As shown in fig. 1 and 2, the present invention provides a multi-probe integrated millimeter wave therapy apparatus, which comprises an outer shell 1, and a C-shaped undercut frame 2 disposed on the outer shell 1, wherein the C-shaped undercut frame 2 divides the outer shell 1 into an upper probe mounting section 3 and a lower integrated circuit section 4.
The upper probe mounting section 3 comprises a hollow shell 31 and an integration holder 32 arranged at the lower end of the hollow shell 31, a plurality of millimeter wave probe assemblies 5 which are linearly distributed are mounted on the integration holder 32, the millimeter wave probe assemblies 5 are sequentially arranged along the width direction of the hollow shell 31, and each millimeter wave probe assembly 5 circularly rotates in a circle in different diameter ranges to adapt to synchronous treatment work of different parts of a human body.

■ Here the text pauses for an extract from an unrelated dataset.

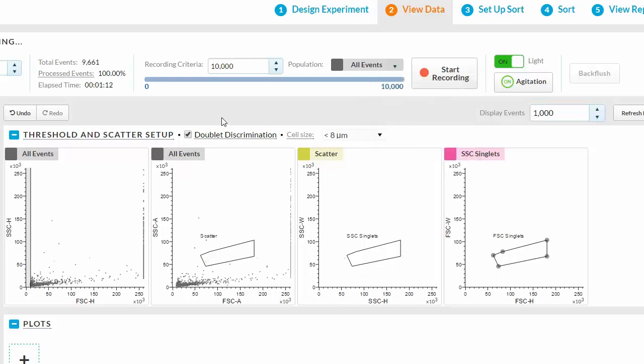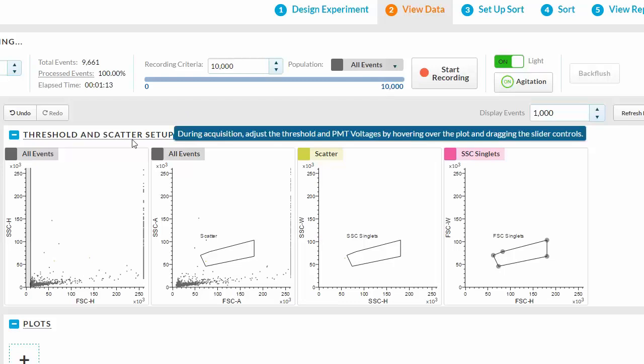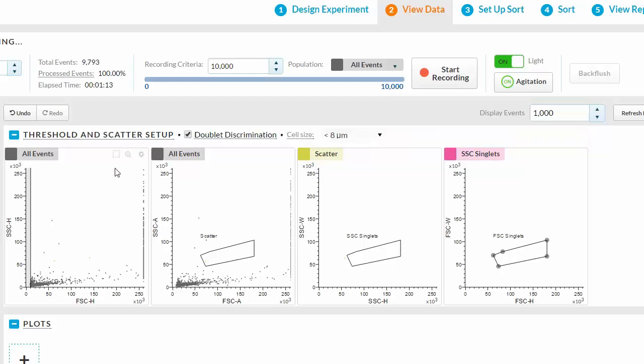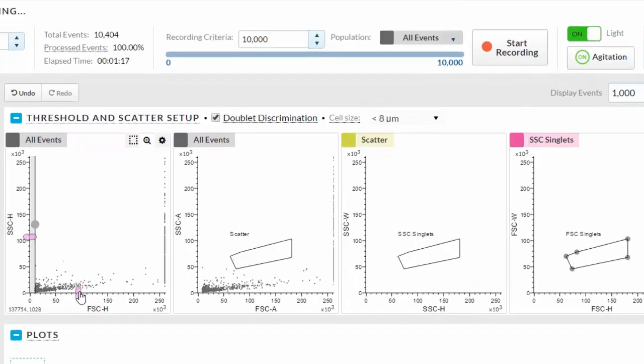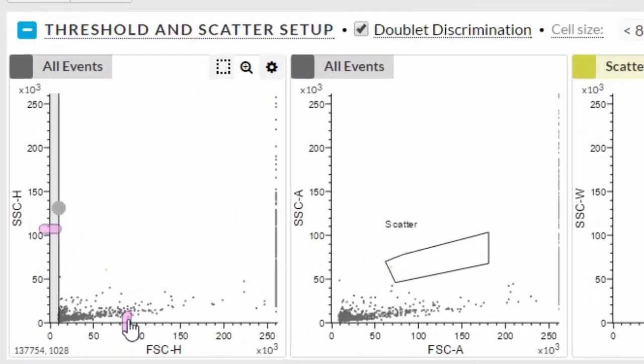The next section allows you to make live adjustments to both threshold and PMT voltages by hovering over the plot and dragging the slider controls. There are four forward versus side scatter plots with pre-drawn gates. The default displays are all events, scatter, and side scatter singlets. Hover over the first default plot to make the slider appear.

The existing millimeter wave probe assembly 5 is mostly a folding arm, is directly mounted at the upper end of a therapeutic apparatus, can rotate 360 degrees, is suitable for different heights, can be mostly used at a fixed point of one part, is transferred to another part for treatment and use, and cannot meet the requirement of circumferential rotation reciprocating treatment in a certain range of one part.
Therefore this embodiment has provided a neotype probe mounting means, the bed board that is applicable to the sick bed formula is used, promote the millimeter wave therapeutic instrument to the side of the bed body, lower integrated circuit section 4 is located the below of the bed body, it is located the top of the bed body to go up probe mounting section 3, a plurality of millimeter wave probe subassembly 5 of installation can carry out synchronous treatment work to a plurality of parts of human body simultaneously on going up probe mounting section 3, and single millimeter wave probe subassembly 5 can carry out circular formula circulation treatment in the certain radius at human body position, thereby improve treatment, and conveniently find the real focus point of injured position, and carry out circulating treatment to focus point and peripheral position.
The millimeter wave probe assembly 5 comprises a rotary driving mechanism 51 and a horizontal push-pull mechanism 52, the horizontal push-pull mechanism 52 is connected with the rotary driving mechanism 51 through a rotary receiving piece 53, a probe cover 54 is movably installed on the horizontal push-pull mechanism 52, the horizontal push-pull mechanism 52 drives the probe cover 54 to rotate in a reciprocating mode by taking the installation direction of the millimeter wave probe assembly 5 as a central axis, and the rotary driving mechanism 51 drives the horizontal push-pull mechanism 52 and the probe cover 54 to rotate circularly in a circumferential mode.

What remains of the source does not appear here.